Diego M., de unos 60 años, reside en unión de su esposa e hijos en el piso contiguo, a uno que Manoli transformó en estudio en Puente Genil, situados ambos, pared con pared, encima de la peña flamenca Fosforito, en una finca propiedad de la familia de la difunta. En varias ocasiones Manoli denunció su impresión de que encontraba abiertas las ventanas que ella dejaba cerradas y que alguien trataba de drogarla. Un día puso un candado suplementario a la cerradura de su piso.

Un conocido de ella, cabo de la Policía Municipal, atendiendo a sus quejas, acompañado de un guardia, franqueó cierto día su piso. La puerta la encontró, al abrirla, equipada con un tablón-trampa para caer sobre cualquier posible intruso, que casi les cae encima a ambos municipales. Aquel día, en un espejo situado frente a la puerta, un letrero escrito -ella reconocería haber sido su autora- estaba dirigido a Diego. Un día más tarde, en una segunda visita, la propia Manoli se había contestado a sí misma con carmín de labios. Este desdoblamiento esquizofrénico queda patente en las alucinaciones que Mari Cruz atestigua: "Creía estar viendo a Diego en todas partes: '¡Míralo, allí está!", y no había nadie".

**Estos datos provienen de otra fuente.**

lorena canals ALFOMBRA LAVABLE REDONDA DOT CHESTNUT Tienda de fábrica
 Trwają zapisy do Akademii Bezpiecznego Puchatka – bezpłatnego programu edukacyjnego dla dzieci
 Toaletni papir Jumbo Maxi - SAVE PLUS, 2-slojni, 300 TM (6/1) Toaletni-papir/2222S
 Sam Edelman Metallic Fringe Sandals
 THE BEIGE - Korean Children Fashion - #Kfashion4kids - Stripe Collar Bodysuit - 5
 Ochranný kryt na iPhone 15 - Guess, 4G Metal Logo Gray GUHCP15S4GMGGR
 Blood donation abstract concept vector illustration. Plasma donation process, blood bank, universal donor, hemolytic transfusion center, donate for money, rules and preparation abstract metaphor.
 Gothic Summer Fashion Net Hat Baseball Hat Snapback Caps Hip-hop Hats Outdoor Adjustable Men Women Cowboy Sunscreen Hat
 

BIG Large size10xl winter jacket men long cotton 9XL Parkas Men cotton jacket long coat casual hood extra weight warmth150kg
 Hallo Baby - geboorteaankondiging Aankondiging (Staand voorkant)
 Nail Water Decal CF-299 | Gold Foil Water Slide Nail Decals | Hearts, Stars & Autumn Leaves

Diego y su esposa rechazan cualquier relación: "Mire", dice ella, "bien está donde está, porque nos ha hecho la vida imposible". Diego M., profundamente afectado por lo que a todas luces le sitúa como fijación de un terror al que se confiesa ajeno, se siente abatido. Pulcro, hermético, de rubicundo rostro y ojos glaucos, asiste silencioso a la conversación en la que la esposa, airada, lleva la voz cantante: ,"Estaba loca y nos quería volver locos a los demás; ni muerta nos va a dejar tranquilos".

La confirmación de antecedentes llegó a media voz: "Como tienen dinero, lo han mantenido oculto; pero su padre falleció en el manicomio. Padeció manía persecutoria y afirmaba que cierto hombre lo quería matar; un día, en Lucena, le cortó el cuello. Cuando lo juzgaron, lo encerraron en el manicomio y allí murió".